開催地アントワープでは、マスクの着用は必須ではなく、街は比較的平常に戻っていたが、10月からは店内で飲食する際にはワクチンの接種証明書や48時間以内の抗体検査の陰性証明の提示が必要になっている。今回の各種イベントも、その基準に則って行われた。
40カ国からシェフが集まり、 120のインターナショナルメディアなど、合計700人以上が参加した授賞式は、アントワープ駅から程近いフランダースミーティング・コンベンションセンターが会場となった。
今回1位に輝いたのは「ノマ」のレネ・レゼピシェフ。5回目の首位に際し、「受賞の秘密を聞かれるが、実は79もあるのです」とコメント。79とは、実は働いているスタッフの人数で、チームがあってこその受賞だ、ということを強調した。
世界のベストレストラン50、1位に選ばれた「ノマ」のスタッフたち
そのノマのクリエイティブチームを束ねるのは、日本人の高橋惇一氏だ。「9年間ノマで働いてきて、初めての授賞式。ノマが初めて受賞した際には、テレビで見ていた。その舞台に自分が立っているのが信じられない」と、感動を語った。

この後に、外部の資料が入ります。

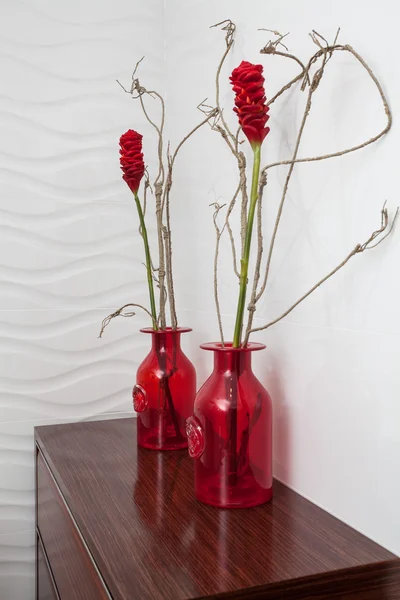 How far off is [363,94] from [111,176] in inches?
33.7

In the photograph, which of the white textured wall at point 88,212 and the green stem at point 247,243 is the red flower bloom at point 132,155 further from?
the green stem at point 247,243

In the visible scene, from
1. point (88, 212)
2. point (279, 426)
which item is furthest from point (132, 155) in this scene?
point (279, 426)

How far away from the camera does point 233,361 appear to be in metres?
0.97

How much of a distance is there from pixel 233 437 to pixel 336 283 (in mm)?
283

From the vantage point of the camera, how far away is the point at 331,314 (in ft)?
3.09

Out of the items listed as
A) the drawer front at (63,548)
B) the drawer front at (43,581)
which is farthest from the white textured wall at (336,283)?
the drawer front at (43,581)

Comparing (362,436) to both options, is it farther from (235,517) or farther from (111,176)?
(111,176)

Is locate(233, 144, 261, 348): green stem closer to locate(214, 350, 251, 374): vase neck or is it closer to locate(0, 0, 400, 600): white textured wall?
locate(214, 350, 251, 374): vase neck

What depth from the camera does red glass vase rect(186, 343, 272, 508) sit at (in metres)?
0.94

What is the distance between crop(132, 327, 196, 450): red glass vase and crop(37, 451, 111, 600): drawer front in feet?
0.73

「レネの要求レベルはとても高いので、毎日クリエイションをしても、納得のいくものが生まれずに苦悩することも多い。でも、常により良いものを追求する姿勢をチームで共有し、平等にディスカッションできる関係性が心地よい。ここから、いずれ皆独立するなど、旅立っていくと思うが、ずっとノマというファミリーであることには変わりない」とその求心力を称えた。
日本からは3店がランクイン
日本からは、前回同様の11位に「傳」が入賞。ほか、前回の22位の「NARISAWA」が19位に入ったほか、「フロリレージュ」川手寛康氏が39位と、初のトップ50入りとなった。
「傳」の長谷川シェフは、「今回は、ランキング発表だけではなくアワードを開催出来たこと自体にとても意味があると思います。これからのレストランは、人と人の繋がりをより大切にして、皆でより良いあり方を考えていくようになるのでは。また、親友でライバルでもあるフロリレージュの川手さんがいたから僕はここまで来れました、とチームとしての来年は世界中を料理して回るつもりです」とコメント。
名前の上がった「フロリレージュ」川手シェフは、「ここ数年、何か新しいコンセプトに取り組んだり、大きな投資など特にしていませんが、逆に地道な作業や堅実な仕事を通して、少しずつ順位が上がり、入賞に繋がったのではないか」と語った。